Relying on small workforces of staff and volunteers, cultural organizations can accomplish a great deal, often with few means and resources. It’s a good idea—crucial even—to take the time to thoroughly assess your organization’s current and projected work load for this type of transition, the anticipated learning curve it implies, your available resources and expertise (both internal and external), and any other needs. It may also be helpful to keep an eye out for relevant training opportunities within your milieu.
Keep in mind that installing most of these products requires no prior programming or IT experience (this is especially the case with Google and Microsoft products). It’s more a question of following instructions and navigating the overall user-friendly interfaces to create and configure the accounts you want to set up. Having a clear vision of your organization’s current document management processes would be very helpful (for instance, do you have a classification plan and a file-retention schedule?). Part of the secret to success in this venture is being confident in one’s abilities. And if you have any questions, use that search engine or ask a seasoned colleague for advice.
Self-management and future developments
To end this chapter on an inspiring note, let’s look at two recent initiatives by artist-run centres who wanted greater control over their information and the tools they use every day.
Last fall, Studio XX transitioned to free, collaborative platforms thanks to the concerted efforts of a special committee assembled for this task. The platforms they chose are Nextcloud (a self-hosted productivity platform) and Mattermost (an instant messaging app similar to Slack). Studio XX created the ideal conditions for this endeavour: a serious commitment from staff and board members, the help of relevant experts in the field, and the integration of these new processes into the centre’s ongoing programming (Slow Tech). In this case, the coherence between Studio XX’s work methods and their values is clear. We look forward to asking them about their experiences.
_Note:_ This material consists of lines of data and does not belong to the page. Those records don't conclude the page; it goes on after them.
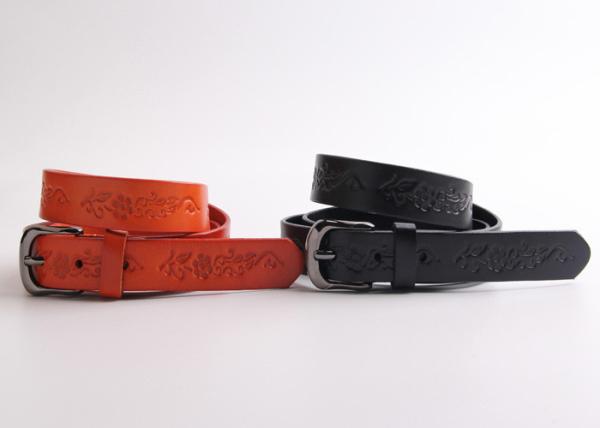 Orange Fashional Embossing Custom Carved Leather Belts With Flower Patterns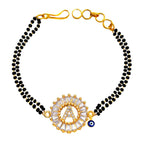 Evil Eye Customised Alphabet Initial Letters Baguette Cubic Zirconia 22K Gold Hand Mangalsutra Bracelet For Women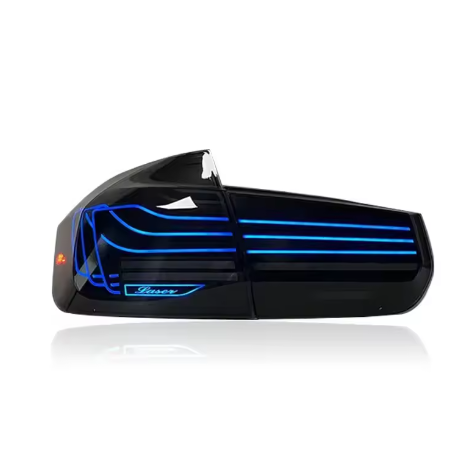 Vekto BMW F30/F35 and M3 F80 RGB style LED taillights assembly showing sleek red and clear lens design for 2013-2018 models.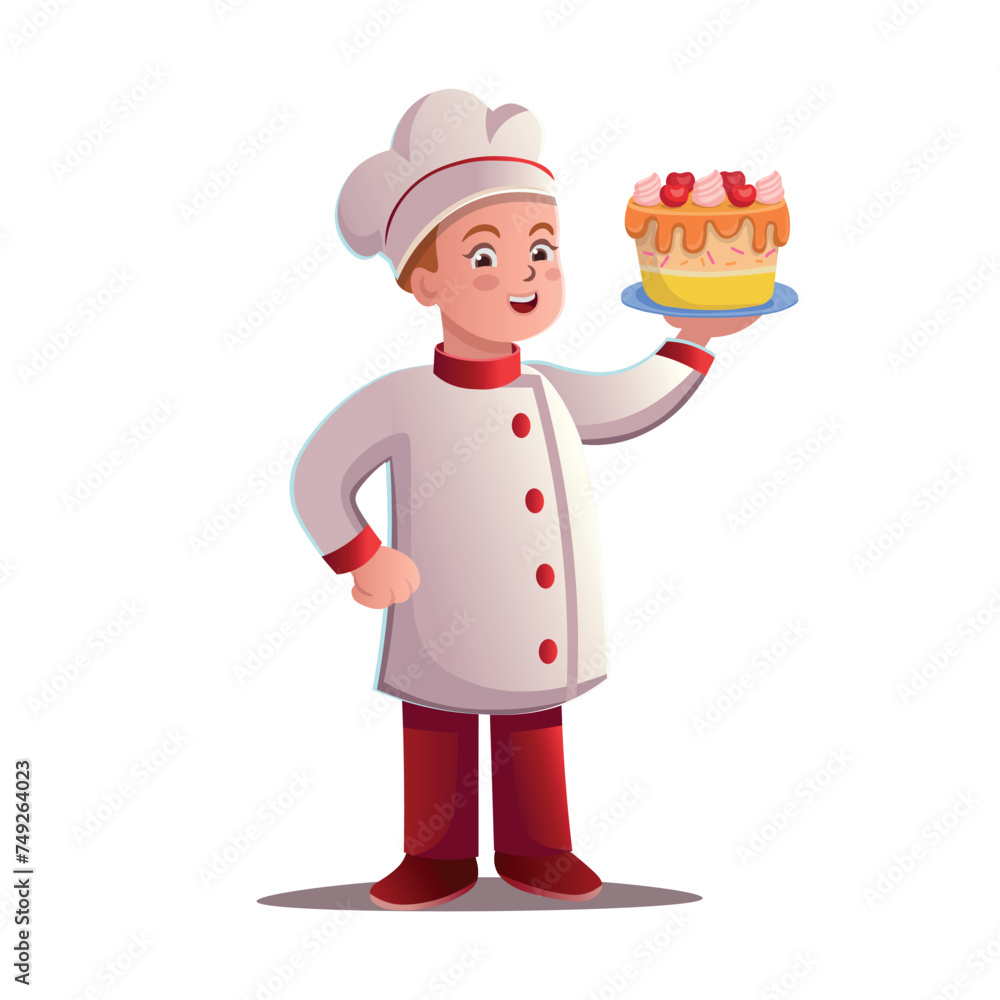 Cartoon character chef with a cake. Vector illustration. Cartoon character chef with a cake. Vector illustration.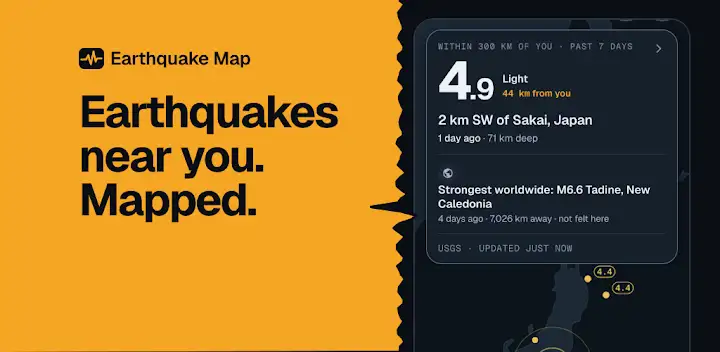 Quake Watch - Earthquake Map — Android app banner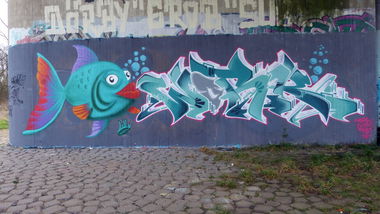 Graffiti Wall in Dusseldorf - Photo by DoppelWhopper - Work (2014)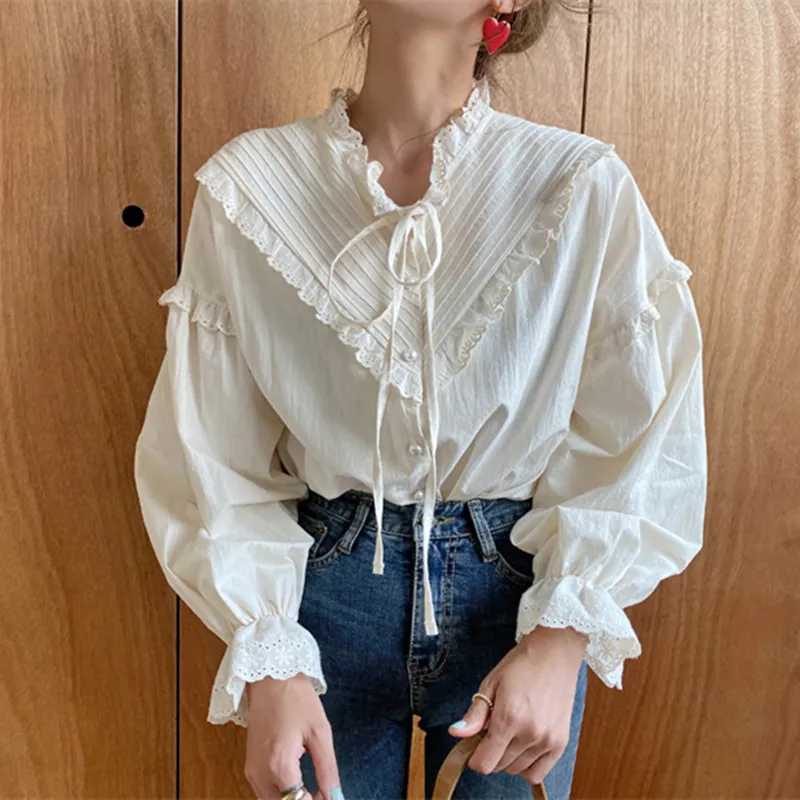Alien Kitty 2021 New Arrival Hollow Out Vintage Elegant Tops Women Shirt Solid Long Sleeve Korean Style Loose Blouses Blusas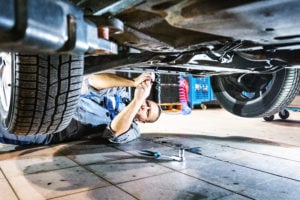 mechanic working on car maintenance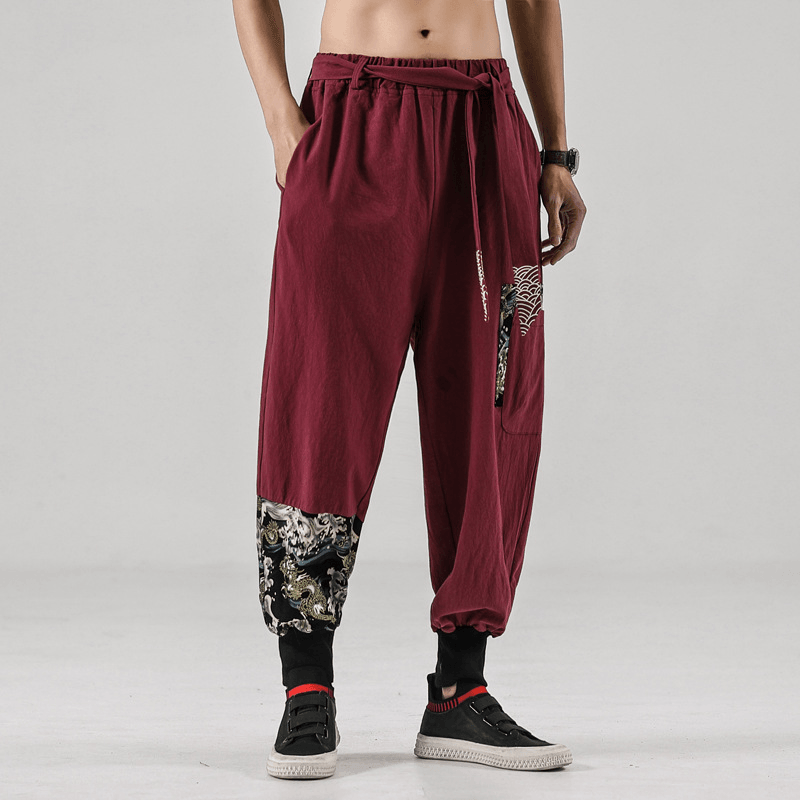 Men's National Style Linen Knickerbockers - Loose Fit Chinese Fashion Tang Casual Pants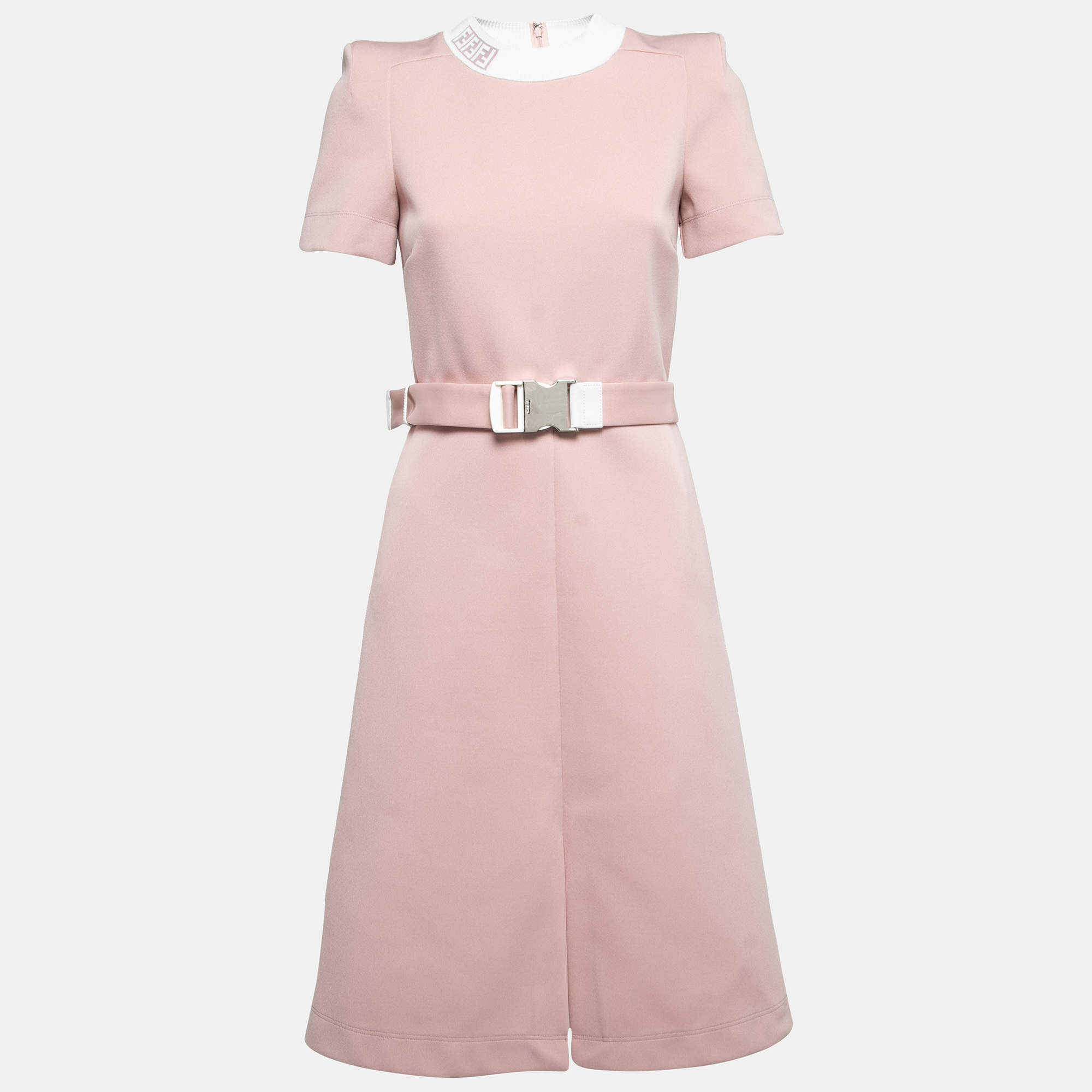 Pre Owned Fendi Dusty Pink Knit Logo Trimmed Belted Shift Midi Dress S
Another interesting case is Film Reel (Integrated Arts Management System), an integrated arts management system developed by the Film and Video Arts Society of Alberta and specifically made for artist-run media arts centres. The system is designed to support, over several modules, membership management, inventory and rentals, project management processes, event and workshop scheduling, and compiling grant reports. This system will likely meet the needs of many artist-run centres and small cultural organizations. In fact, the people behind Film Reel have expressed interest in further developing this service (providing updates, developing new modules, and making the service available in French) and increasing their user pool in the near future.
We hope this chapter has provided useful information and resources for artist-run centres that are considering migrating some of their workflows to the cloud. Despite its ethereal name, this technology has become firmly rooted in our material and socio-political realities.